Hatırlarsanız, üç yıl önce Haziran 2019’da “Ya hiperenflasyon, ya deflasyon” başlıklı yazımızla içinde bulunduğumuz durumu irdelemiştik. Önümüzdeki hafta bu yazımızı yeniden baskıya vermeyi hedefliyoruz. Bugüne geldiğimizde küresel boyutta stag-flasyon korkusunun gündeme geldiğini görüyoruz.
Tüm bu yaşananlar içinden geçilen dönemin ne kadar dengesiz olduğunun kanıtlarıdır. Şu an için küresel bir enflasyon dalgasından geçildiği, enflasyonun dizginlenmesinden de resesyon riskinden dolayı çekinildiği bilinmektedir.
Bu dengesizliğin bir noktada denge arayışıyla sonlanması ve varlık değerlerinde ve enflasyonda normalleşme yaşanması beklenir.

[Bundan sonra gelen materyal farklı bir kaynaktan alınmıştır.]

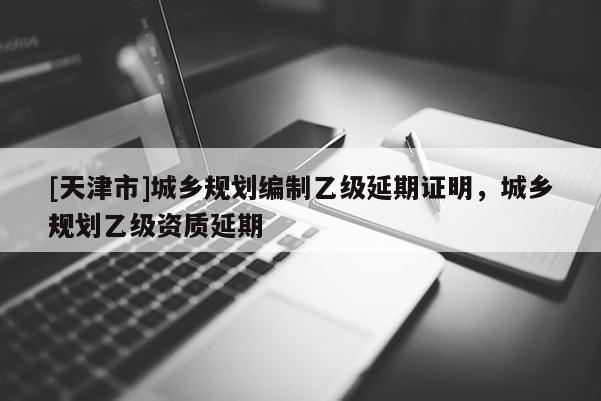 [天津市]城乡规划编制乙级延期证明，城乡规划乙级资质延期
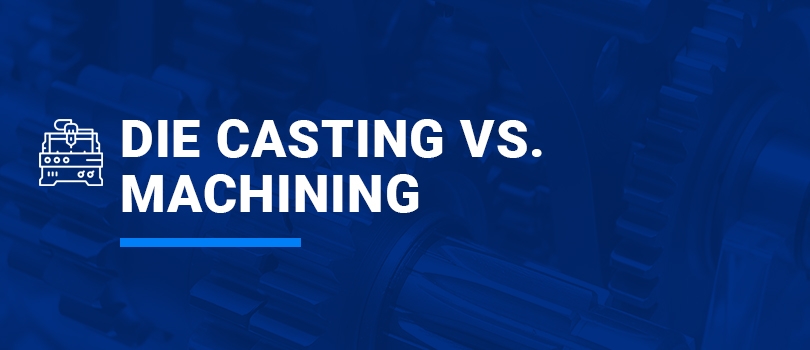 Die Casting vs. Machining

Tabi bu sürecin herkesi mutlu etmesi söz konusu değildir.
Sonuç olarak, bizi üretilen kadar tüketildiği ve değer yaratıldığı bir dönem beklemektedir.
İnsanoğlu bu tecrübesi sonrasında kendine dersler çıkarak ve gelecekte zenginliğin parasal genişlemeden oluşmaması için çok sıkı tedbirler alacaktır.
Bu noktada “disruptive innovation” olarak tanımlanan yeni teknolojileri üreten ülke ve kurumların dünya ekonomisine hakim olacağı bir zaman dilimini yaşamaya başlayacağımızı tahmin ediyoruz.
Parayı basıp, insanına dağıtan bir anlayışın dahi tartışılamadığı bir ortamda bunları kaleme almanın anlamı var mı, bilemiyoruz?